Marginalisation over correlation matrices with the non-centred parameterisation of the multivariate normal

Another covariance matrix marginalisation question from me, I’m afraid. I have n covariance matrices which have been converted to correlation matrices, inputted as data. I want to marginalise over them to get means (assuming each correlation matrix has an implicit uniform prior). In the centered parameterisation, this is easy, and various people on this board have been very helpful in showing me how to do it. The prior for the means, is (with “mean” and “scale” being parameters):

lp = rep_vector(log_unif, n);
for (i in 1:n) {
    lp[i] += multi_normal_cholesky_lpdf(mean | 0, diag_pre_multiply(scale, cholesky_of_correlation_matrix[i]));
}
target += log_sum_exp(lp);
###prior on scale###

I can’t work out how to convert this to the non-centred version though. If you were not marginalising (i.e. you had a single known correlation matrix), for a 0 mean MVN it would be:

mean = scale * (cholesky_of_correlation_matrix * mean_tilde);
mean_tilde ~ normal(0,1);
###prior on scale###

The logical way to marginalise would be to do the above for each matrix, but that ends up with n sets of means, which is clearly not what’s required. If anyone could point me in the direction of something explaining how to do this, I would greatly appreciate it!

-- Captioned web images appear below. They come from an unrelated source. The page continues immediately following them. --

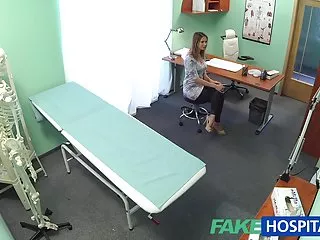 زن فیلم خواب سکسی بالغ, انفرادی بر روی نیمکت.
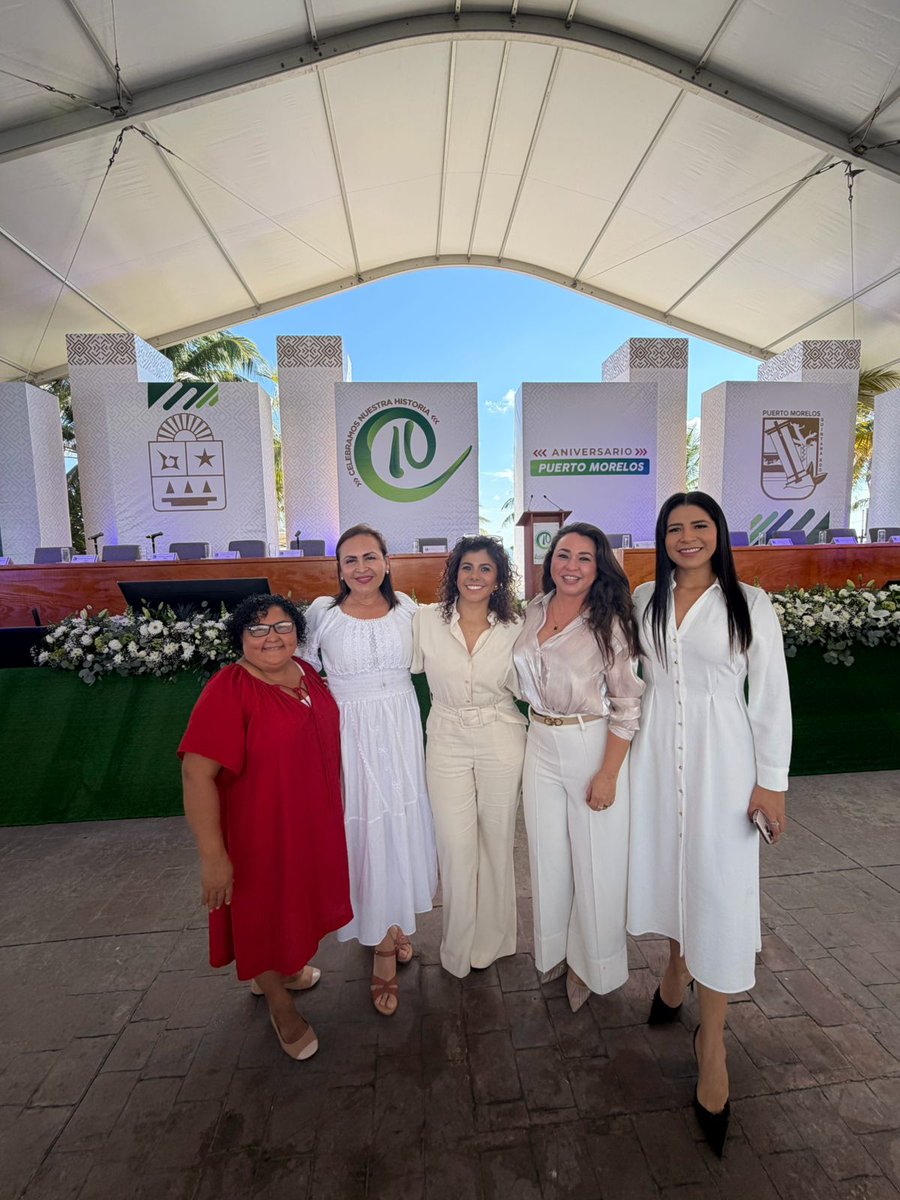 bmacapituloqroo's tweet photo. Nuestra presidenta, la Mtra. Leslie Hendricks, asistió en representación de la BMA Quintana Roo a la sesión solemne del Cabildo por el X Aniversario de Puerto Morelos, el 6 de enero de 2026. https://t.co/wJySSds2GS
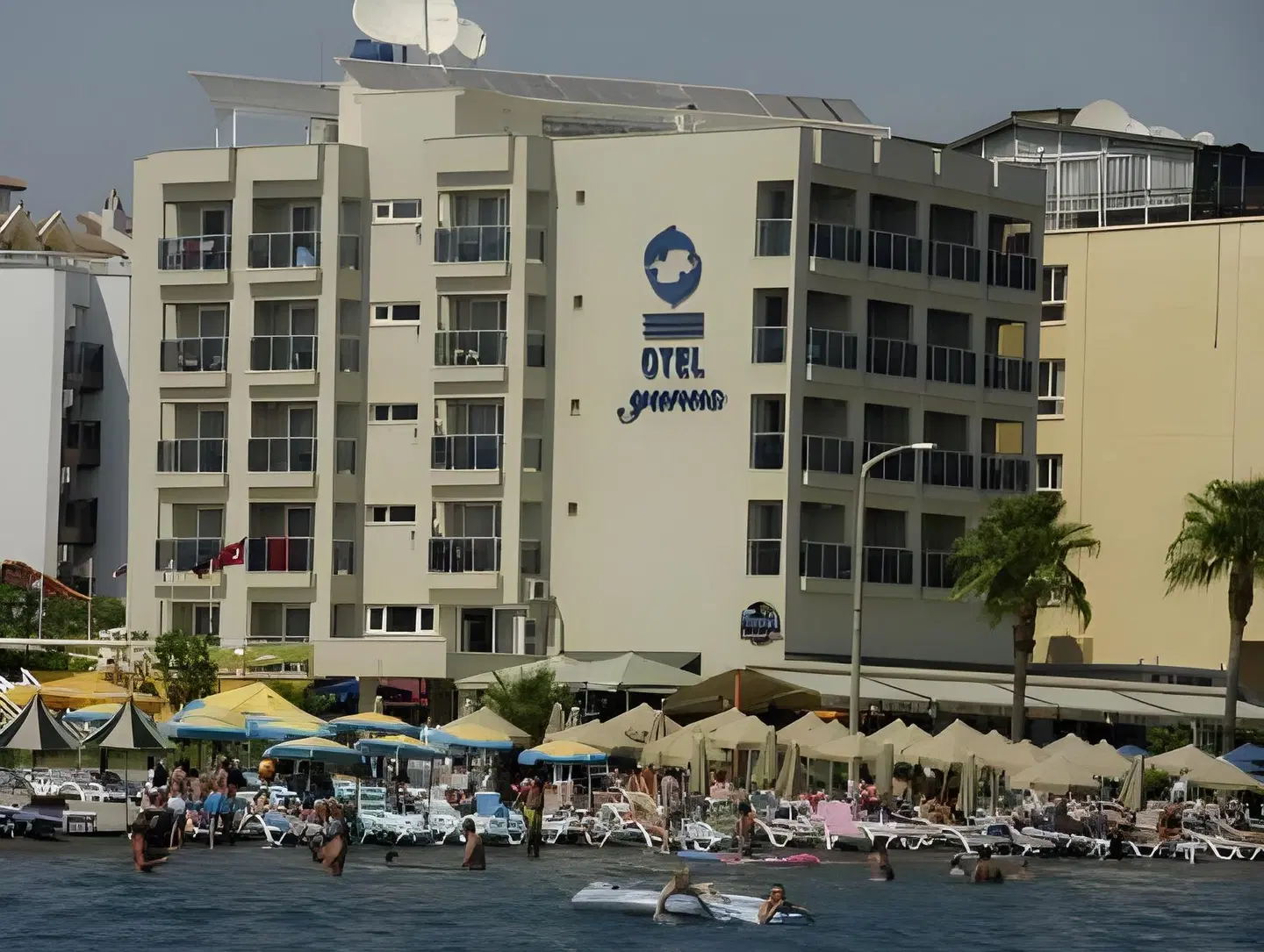 Yunus Hotel EXTERIOR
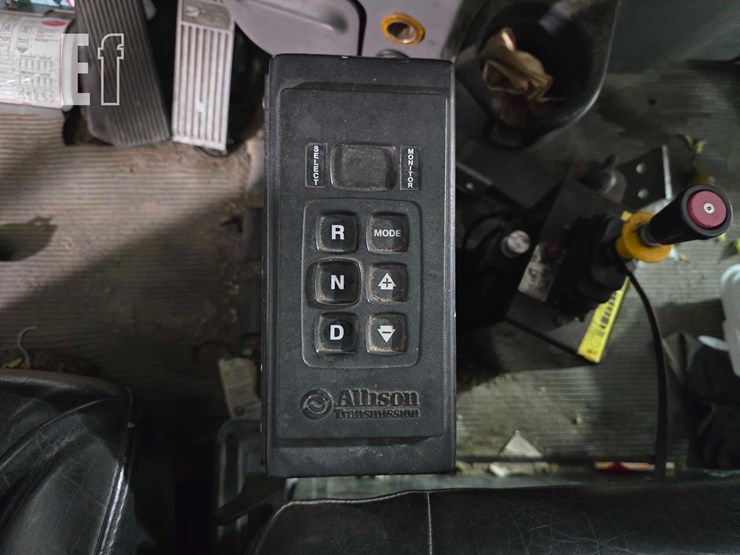 2013-peterbilt-365-image-20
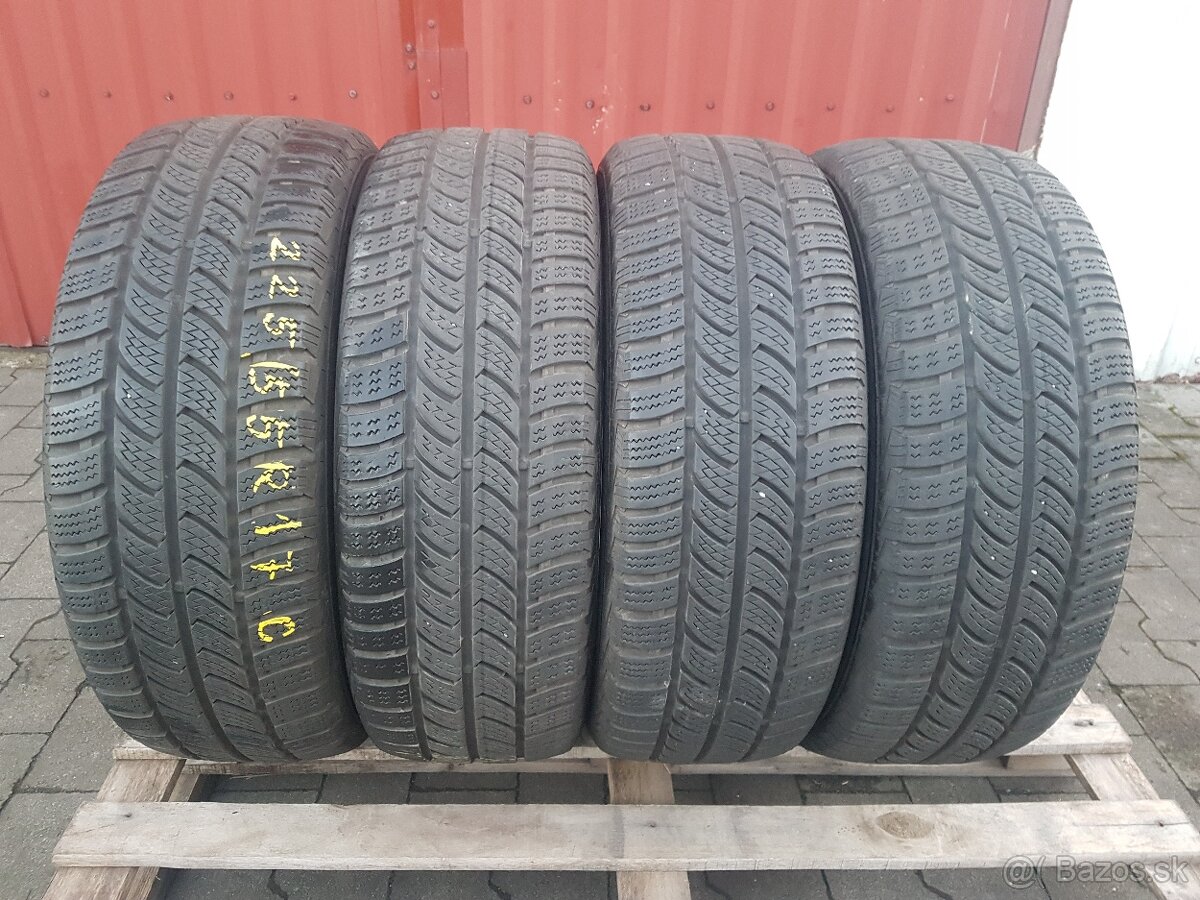 Zimne 225/55R17C  Continental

I think this might kind of defeat the purpose of the reparameterization. For a given ‘mean’, each correlation matrix induces a different transformation from mean_tilde, so you’d need to have a different mean_tilde for each correlation matrix in order to wind up with the same mean. I think the most logical way to do that would be to sample the means and then back transform them to mean_tilde… which is essentially what the original, centered parameterization does within multi_normal_cholesky_lpdf.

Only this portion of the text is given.